Whilst violent protests are something we should avoid at all costs, which are normally carried out by a small group with extreme views, we should be careful not to assume that these will remain isolated cases.

The recent attacks on Roma gypsy families in Northern Ireland, is a frightening example of something we may see more of in other countries in the near future.

Whilst some have branded the attacks as racist, it is perhaps more accurate to say that the protesters are angry about “foreigners” receiving benefit from a country that they have not supported, and having the chance of obtaining a job at the expense of the local workforce. The “targets” have not been selected because of their race, colour or religion.

Most immigrants (especially in the UK) seem to receive preferential treatment as soon as they arrive, with the government providing houses and generous financial support from day one. Many locals have often been waiting years for better accommodation and are naturally upset when they see a new arrival jump the queue.

Melting Pot

It seems strange that many companies in the past have tried to provide employment for the local workforce, when opening a new factory for example, but our governments ignore this very fair formula when it comes to immigrants.

There are times when a country requires help from foreign workers, and we have seen this happen in many countries like Britain, Australia, America, Canada and others. But when a country is experiencing financial difficulties and high unemployment, it makes sense to review this situation.

I personally believe that companies should always attempt to offer work to those living in the country where they are located (starting with local candidates), based on a person’s ability (regardless of their differences). If this is not possible, then (and only then) they should be allowed to consider inviting foreign workers.

Those looking to live in another country should only be considered if they have a job waiting for them (a position that can not be filled by a person with equal ability locally). Alternatively (if they have no job), they should bring sufficient funds with them, so as not to require financial assistance from the government. This is a system adopted by many countries and seems a reasonable condition to apply.

People often ask why immigrants and asylum seekers don’t choose a country nearer to their place of origin, which might be more suitable from a climatic and cultural point of view. The answer of course is very simple, these countries do not provide the same level of support that you would find in Britain or America (for example) or have people to help them with their claims (including translators!).

Naturally, having such a generous system is going to attract people looking to abuse this generosity, and despite what the authorities say, thousands (if not millions) do exactly that.

Few would object to assisting genuine cases of people in need, but how many really fall into that category?

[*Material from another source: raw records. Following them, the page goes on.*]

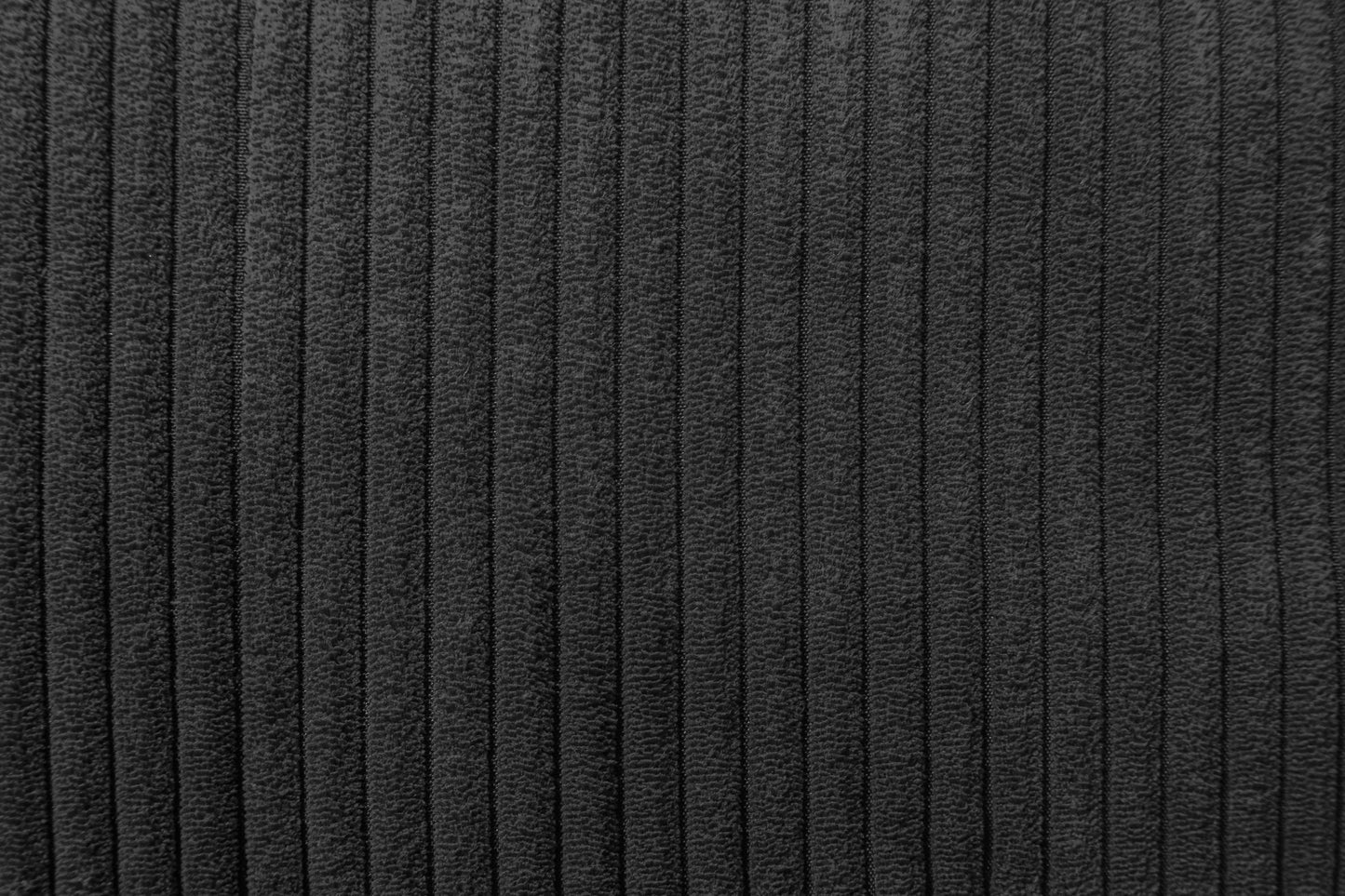 SECTIONAL W OTTOMAN Black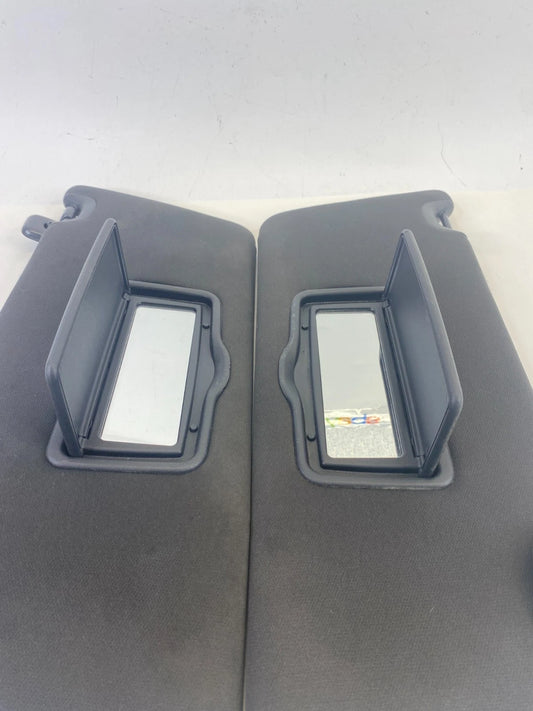 2013-2015 FORD EXPLORER SUN VISOR ASSEMBLY PAIR W/ MIRRORS FRONT BB5Z-7804105-BA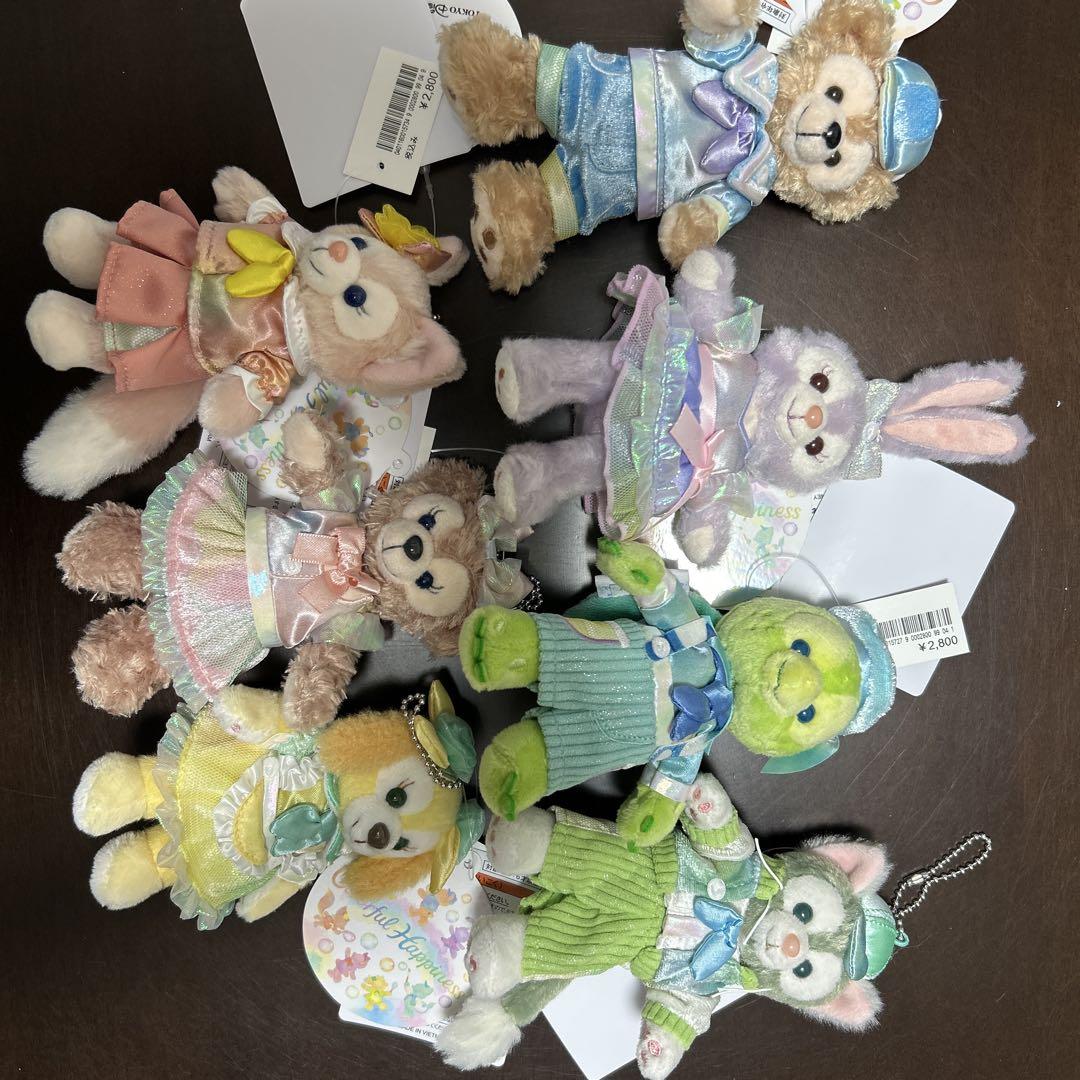 ♡カラフルハピネス♡ダッフィー＆フレンズ♡ぬいぐるみバッヂ♡タグ、値札付き♡ Disney - 新品☆新作🫧カラフルハピネス🫧ダッフィー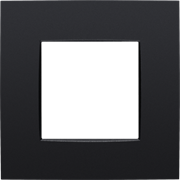 Niko Intense Черный матовый Рамка на 1 пост 130-76100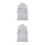 2Pièces Cols Détachables En Coton Style Hoodie Mode Et 5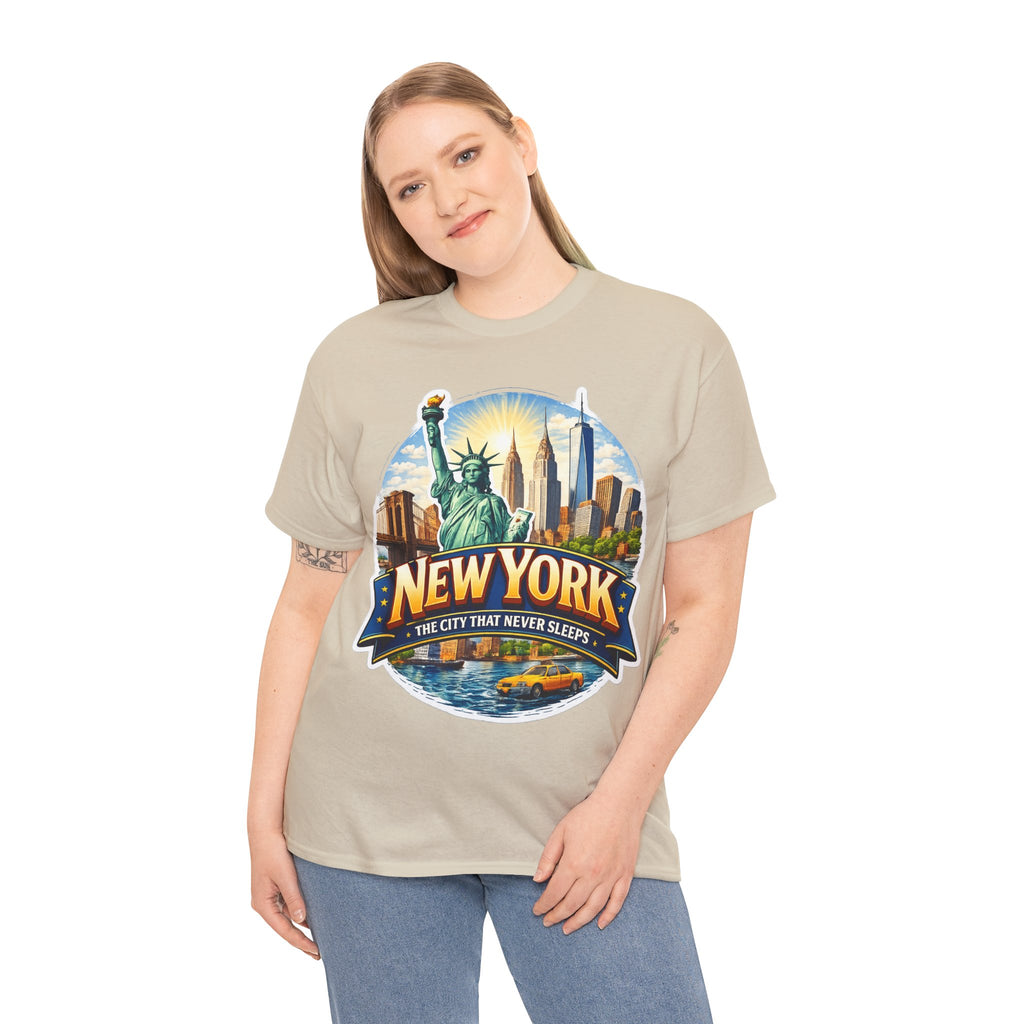 New York City T-Shirt - 'The City That Never Sleeps' Vintage Skyline Tee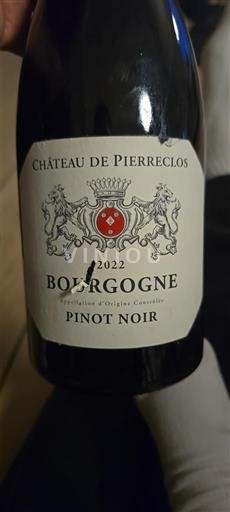 Burgundi Bourgogne Château Pierreclos Pinot Noir 2022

Many of the immigrants that are accepted into Britain do not speak English, are often too old (or young) to work and frequently lack any special skills. Yet because of laws introduced to protect minorities, companies are forced to employ a percentage of these people, regardless of whether they are suitable or not.

I am sure that the original laws were more than adequate for protecting employees from discrimination, and companies should not be forced to make decisions that could affect their profits. A company’s main goal is to be profitable, and most will employ people that can help them achieve this. It would be bad for business to ignore a talented candidate because of that person’s race, colour or religion.

Although laws protecting minorities were probably created with the best of intentions, they have now become a double edged sword. Some (but certainly not all) use these laws very effectively to gain personal advantages and provide some immunization against penalties that the majority face.

Discrimination is not an exclusive problem for ethnic minorities, it can affect almost anyone. No law can possibly protect a person from an interviewer who refuses to employ someone because they are too old, have a bad haircut or spotty face, or maybe an accent they don’t like. They can always provide a million other reasons why they didn’t give you the job.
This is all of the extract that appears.